# How do you determine the convergence or divergence of Sigma 1/ncosnpi from [1,oo)?

Dec 29, 2016

${\sum}_{n = 1}^{\infty} \frac{1}{n} \cos \pi n = - \ln 2$

#### Explanation:

First, we note that $\cos n \pi = {\left(- 1\right)}^{n}$ so that the series can be written as:

${\sum}_{n = 1}^{\infty} {\left(- 1\right)}^{n} / n$

This series satisfies Leibniz' criteria as:

${\lim}_{n} \frac{1}{n} = 0$
$\frac{1}{n} > \frac{1}{n + 1}$

so the series is convergent.

To determine the sum, let's consider a geometric series of ratio $- \alpha$ with $0 < \alpha < 1$.
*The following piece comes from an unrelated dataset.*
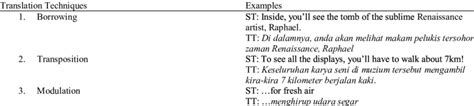 Translation techniques used by the students and the examples | Download ...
${\sum}_{n = 0}^{\infty} {\left(- 1\right)}^{n} {\alpha}^{n} = \frac{1}{1 + \alpha}$

This series is absolutely convergent and so it can be integrated term by term:

${\int}_{0}^{x} \frac{\mathrm{da} l p h a}{1 + \alpha} = {\sum}_{n = 0}^{\infty} {\int}_{0}^{x} {\left(- 1\right)}^{n} {\alpha}^{n} \mathrm{da} l p h a$

$\ln | 1 + x | = {\sum}_{n = 0}^{\infty} {\left(- 1\right)}^{n} {x}^{n + 1} / \left(n + 1\right) = - {\sum}_{n = 0}^{\infty} {\left(- 1\right)}^{n + 1} {x}^{n + 1} / \left(n + 1\right) = - {\sum}_{n = 1}^{\infty} {\left(- 1\right)}^{n} \frac{{x}^{n}}{n}$

This equation holds for every $x \in \left(0 , 1\right)$ and passing to the limit for $x \to 1$ we have:

$\ln 2 = - {\sum}_{n = 1}^{\infty} {\left(- 1\right)}^{n} / n$